**Assigned task:**
Please restate the data word for word, leaving out no line.

[Brief descriptive captions]
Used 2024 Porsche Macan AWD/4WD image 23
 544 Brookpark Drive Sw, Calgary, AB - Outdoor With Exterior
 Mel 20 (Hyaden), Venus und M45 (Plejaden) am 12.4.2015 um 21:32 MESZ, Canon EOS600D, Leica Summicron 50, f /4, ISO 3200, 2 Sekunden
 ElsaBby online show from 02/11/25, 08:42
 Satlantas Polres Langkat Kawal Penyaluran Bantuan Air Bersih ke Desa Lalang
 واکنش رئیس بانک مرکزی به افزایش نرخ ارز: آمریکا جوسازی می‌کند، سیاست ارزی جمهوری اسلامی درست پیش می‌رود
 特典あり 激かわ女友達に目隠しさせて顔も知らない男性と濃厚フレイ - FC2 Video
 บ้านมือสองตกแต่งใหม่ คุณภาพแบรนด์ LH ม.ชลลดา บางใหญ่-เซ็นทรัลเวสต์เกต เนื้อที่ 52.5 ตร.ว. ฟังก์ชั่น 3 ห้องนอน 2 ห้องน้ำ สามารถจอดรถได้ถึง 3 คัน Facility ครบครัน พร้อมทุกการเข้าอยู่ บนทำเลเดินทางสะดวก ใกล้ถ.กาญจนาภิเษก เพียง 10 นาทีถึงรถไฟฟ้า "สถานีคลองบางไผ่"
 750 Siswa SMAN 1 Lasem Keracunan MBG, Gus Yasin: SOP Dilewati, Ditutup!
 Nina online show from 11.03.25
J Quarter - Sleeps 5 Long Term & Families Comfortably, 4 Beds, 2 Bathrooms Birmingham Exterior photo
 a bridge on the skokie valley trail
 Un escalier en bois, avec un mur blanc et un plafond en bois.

**Expected output:**
Used 2024 Porsche Macan AWD/4WD image 23
 544 Brookpark Drive Sw, Calgary, AB - Outdoor With Exterior
 Mel 20 (Hyaden), Venus und M45 (Plejaden) am 12.4.2015 um 21:32 MESZ, Canon EOS600D, Leica Summicron 50, f /4, ISO 3200, 2 Sekunden
 ElsaBby online show from 02/11/25, 08:42
 Satlantas Polres Langkat Kawal Penyaluran Bantuan Air Bersih ke Desa Lalang
 واکنش رئیس بانک مرکزی به افزایش نرخ ارز: آمریکا جوسازی می‌کند، سیاست ارزی جمهوری اسلامی درست پیش می‌رود
 特典あり 激かわ女友達に目隠しさせて顔も知らない男性と濃厚フレイ - FC2 Video
 บ้านมือสองตกแต่งใหม่ คุณภาพแบรนด์ LH ม.ชลลดา บางใหญ่-เซ็นทรัลเวสต์เกต เนื้อที่ 52.5 ตร.ว. ฟังก์ชั่น 3 ห้องนอน 2 ห้องน้ำ สามารถจอดรถได้ถึง 3 คัน Facility ครบครัน พร้อมทุกการเข้าอยู่ บนทำเลเดินทางสะดวก ใกล้ถ.กาญจนาภิเษก เพียง 10 นาทีถึงรถไฟฟ้า "สถานีคลองบางไผ่"
 750 Siswa SMAN 1 Lasem Keracunan MBG, Gus Yasin: SOP Dilewati, Ditutup!
 Nina online show from 11.03.25
J Quarter - Sleeps 5 Long Term & Families Comfortably, 4 Beds, 2 Bathrooms Birmingham Exterior photo
 a bridge on the skokie valley trail
 Un escalier en bois, avec un mur blanc et un plafond en bois.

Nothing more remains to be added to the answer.